Reputation: 692
In my test case I have transactional method that creates user and then invokes async method in different thread that retrieves this user from database. In code below the user cannot be found in db and dao returns null. How to be sure that data will be there for different threads? It seems that flushing does not help. Do I need to manually commit? Setting isolation level to READ_UNCOMMITED also does not help.
@Transactional public void createUser() { User user = new User(); user.setLogin("test"); userService.save(user); userService.flush(); logger.debug("New user id {}", user.getId()); //id=1 transactionalService.getUser(user.getId()); }
TransactionalService
@Async @Transactional public void getUser(Long id) { User user = userDao.getById(id); assertNotNull(user); }
Upvotes: 1
Views: 1551
Reputation: 692
Transaction is committed after whole transactional method is finished. Create user transaction can't be committed if it is in the main transaction. Changing previous code to something like this works.
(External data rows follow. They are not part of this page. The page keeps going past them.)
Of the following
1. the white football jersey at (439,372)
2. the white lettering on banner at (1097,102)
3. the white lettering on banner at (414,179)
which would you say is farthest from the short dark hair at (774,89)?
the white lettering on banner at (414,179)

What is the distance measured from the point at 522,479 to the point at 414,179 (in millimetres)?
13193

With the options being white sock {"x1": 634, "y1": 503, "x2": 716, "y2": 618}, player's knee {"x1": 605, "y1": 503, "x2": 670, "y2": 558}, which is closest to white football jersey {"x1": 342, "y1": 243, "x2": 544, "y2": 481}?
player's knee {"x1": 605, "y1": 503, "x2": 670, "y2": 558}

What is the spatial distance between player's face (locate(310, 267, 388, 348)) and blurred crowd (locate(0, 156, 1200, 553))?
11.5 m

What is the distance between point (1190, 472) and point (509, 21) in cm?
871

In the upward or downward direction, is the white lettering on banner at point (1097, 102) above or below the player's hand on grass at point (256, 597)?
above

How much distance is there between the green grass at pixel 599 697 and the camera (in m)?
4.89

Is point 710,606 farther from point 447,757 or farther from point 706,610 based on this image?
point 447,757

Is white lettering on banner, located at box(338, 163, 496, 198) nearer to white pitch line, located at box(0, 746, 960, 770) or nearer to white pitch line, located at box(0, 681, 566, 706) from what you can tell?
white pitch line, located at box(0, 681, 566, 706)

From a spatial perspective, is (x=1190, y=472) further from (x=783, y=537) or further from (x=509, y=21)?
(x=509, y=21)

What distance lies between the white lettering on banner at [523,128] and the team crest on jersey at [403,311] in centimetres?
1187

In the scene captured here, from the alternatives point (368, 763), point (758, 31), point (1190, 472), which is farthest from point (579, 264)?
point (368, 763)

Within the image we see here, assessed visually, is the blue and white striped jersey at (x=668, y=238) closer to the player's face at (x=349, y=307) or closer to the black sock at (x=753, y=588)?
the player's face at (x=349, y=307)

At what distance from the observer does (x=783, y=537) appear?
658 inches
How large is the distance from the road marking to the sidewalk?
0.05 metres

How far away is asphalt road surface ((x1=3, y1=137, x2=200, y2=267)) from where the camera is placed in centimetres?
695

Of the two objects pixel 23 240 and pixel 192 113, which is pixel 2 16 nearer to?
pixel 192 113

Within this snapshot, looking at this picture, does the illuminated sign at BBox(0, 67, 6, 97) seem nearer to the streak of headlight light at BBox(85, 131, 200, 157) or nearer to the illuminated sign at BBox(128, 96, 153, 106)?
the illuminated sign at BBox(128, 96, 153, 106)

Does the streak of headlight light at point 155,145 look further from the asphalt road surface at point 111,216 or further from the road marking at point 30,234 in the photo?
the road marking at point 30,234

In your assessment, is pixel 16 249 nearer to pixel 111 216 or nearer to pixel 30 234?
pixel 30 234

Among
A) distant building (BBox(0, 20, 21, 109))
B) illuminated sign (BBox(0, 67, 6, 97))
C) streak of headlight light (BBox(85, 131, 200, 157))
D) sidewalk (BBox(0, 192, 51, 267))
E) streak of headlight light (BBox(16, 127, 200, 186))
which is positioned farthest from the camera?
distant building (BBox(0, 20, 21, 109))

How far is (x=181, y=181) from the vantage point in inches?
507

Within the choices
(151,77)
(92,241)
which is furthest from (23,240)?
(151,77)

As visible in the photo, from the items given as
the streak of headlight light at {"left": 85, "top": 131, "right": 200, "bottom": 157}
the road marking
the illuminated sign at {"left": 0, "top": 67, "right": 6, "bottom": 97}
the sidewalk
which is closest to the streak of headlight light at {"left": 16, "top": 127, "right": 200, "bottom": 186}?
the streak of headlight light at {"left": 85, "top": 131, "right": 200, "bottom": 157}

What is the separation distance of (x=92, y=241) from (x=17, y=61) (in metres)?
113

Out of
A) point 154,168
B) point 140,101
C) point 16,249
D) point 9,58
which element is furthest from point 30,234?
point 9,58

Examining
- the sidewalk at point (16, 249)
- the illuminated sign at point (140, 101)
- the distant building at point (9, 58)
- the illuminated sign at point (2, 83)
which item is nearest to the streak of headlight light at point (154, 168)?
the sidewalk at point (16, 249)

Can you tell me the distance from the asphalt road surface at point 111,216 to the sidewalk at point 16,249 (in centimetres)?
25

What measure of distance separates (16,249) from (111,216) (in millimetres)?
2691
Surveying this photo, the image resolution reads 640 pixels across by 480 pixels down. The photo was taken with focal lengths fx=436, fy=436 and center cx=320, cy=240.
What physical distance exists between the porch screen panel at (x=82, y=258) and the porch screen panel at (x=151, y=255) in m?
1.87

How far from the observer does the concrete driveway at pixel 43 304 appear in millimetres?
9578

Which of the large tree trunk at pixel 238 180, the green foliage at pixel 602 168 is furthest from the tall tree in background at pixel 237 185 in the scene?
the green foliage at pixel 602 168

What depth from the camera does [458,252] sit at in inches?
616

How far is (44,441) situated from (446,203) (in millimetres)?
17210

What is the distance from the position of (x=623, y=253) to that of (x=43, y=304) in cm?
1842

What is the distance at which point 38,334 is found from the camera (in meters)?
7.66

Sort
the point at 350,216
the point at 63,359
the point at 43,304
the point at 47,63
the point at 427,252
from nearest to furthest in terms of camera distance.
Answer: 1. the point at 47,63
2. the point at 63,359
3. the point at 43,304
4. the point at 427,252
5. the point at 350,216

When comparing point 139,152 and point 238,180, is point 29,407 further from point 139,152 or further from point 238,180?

@Transactional public void createUser() { User user = transactionalService.createUser(); transactionalService.getUser(user.getId()); }
And TransactionalService
@Transactional(propagation=Propagation.REQUIRES_NEW) public void createUser() { User user = new User(); user.setLogin("test"); userService.save(user); logger.debug("New user id {}", user.getId()); //id=1 return user } @Async @Transactional public void getUser(Long id) { User user = userDao.getById(id); assertNotNull(user); }
Upvotes: 2
Reputation: 25986
Make sure that your database supports READ_UNCOMMITTED
isolation level (and, as a consequence, Dirty Reads)
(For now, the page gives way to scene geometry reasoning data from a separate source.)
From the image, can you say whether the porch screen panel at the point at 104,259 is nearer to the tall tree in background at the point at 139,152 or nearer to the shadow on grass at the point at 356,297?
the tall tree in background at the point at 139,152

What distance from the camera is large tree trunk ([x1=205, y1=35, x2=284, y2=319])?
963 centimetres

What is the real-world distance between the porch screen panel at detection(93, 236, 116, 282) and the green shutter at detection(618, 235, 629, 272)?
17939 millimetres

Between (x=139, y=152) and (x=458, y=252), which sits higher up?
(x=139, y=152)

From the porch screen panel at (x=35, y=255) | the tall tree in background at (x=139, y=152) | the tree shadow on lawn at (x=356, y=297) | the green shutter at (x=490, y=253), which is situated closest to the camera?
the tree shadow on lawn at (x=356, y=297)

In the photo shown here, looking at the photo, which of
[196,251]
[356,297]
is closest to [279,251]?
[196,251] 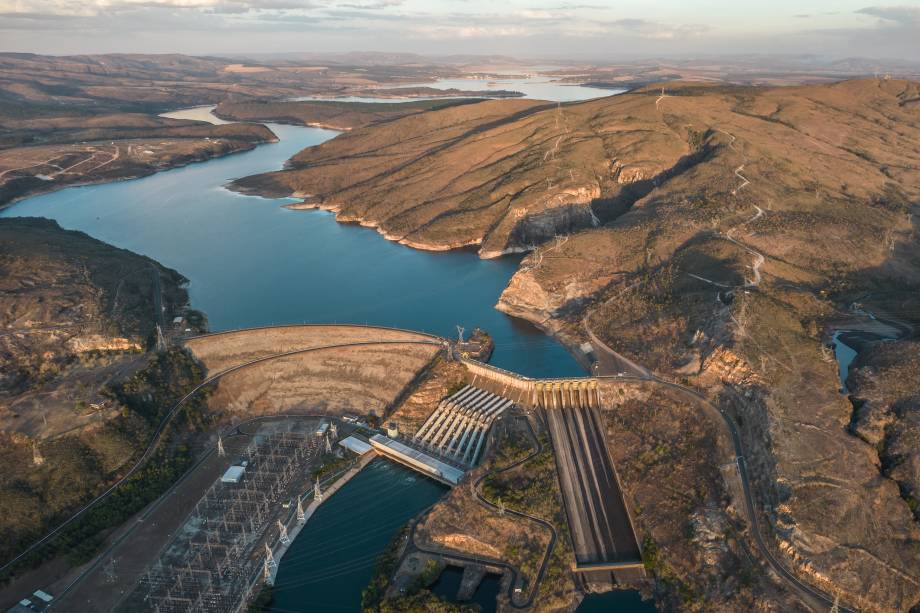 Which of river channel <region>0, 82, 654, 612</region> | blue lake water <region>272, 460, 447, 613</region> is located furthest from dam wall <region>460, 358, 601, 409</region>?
blue lake water <region>272, 460, 447, 613</region>

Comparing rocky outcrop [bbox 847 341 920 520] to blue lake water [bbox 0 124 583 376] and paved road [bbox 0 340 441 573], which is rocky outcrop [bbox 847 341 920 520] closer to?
blue lake water [bbox 0 124 583 376]

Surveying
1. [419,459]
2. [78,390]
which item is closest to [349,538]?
[419,459]

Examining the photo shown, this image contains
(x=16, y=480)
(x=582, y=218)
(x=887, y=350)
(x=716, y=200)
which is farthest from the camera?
(x=582, y=218)

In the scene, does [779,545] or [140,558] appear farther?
[140,558]

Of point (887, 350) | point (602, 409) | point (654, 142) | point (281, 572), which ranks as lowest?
point (281, 572)

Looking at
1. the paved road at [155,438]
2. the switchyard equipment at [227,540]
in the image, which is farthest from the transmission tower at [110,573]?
the paved road at [155,438]

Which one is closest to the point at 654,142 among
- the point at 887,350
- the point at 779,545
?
the point at 887,350

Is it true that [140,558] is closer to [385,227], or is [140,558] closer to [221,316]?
[221,316]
Both databases you tested on (Postgres and Oracle) offer only higher isolation levels with less undesirable phenomena.
Postgres
https://www.postgresql.org/docs/9.3/sql-set-transaction.html
The SQL standard defines one additional level, READ UNCOMMITTED. In PostgreSQL READ UNCOMMITTED is treated as READ COMMITTED.
Oracle
Does oracle allow the uncommitted read option?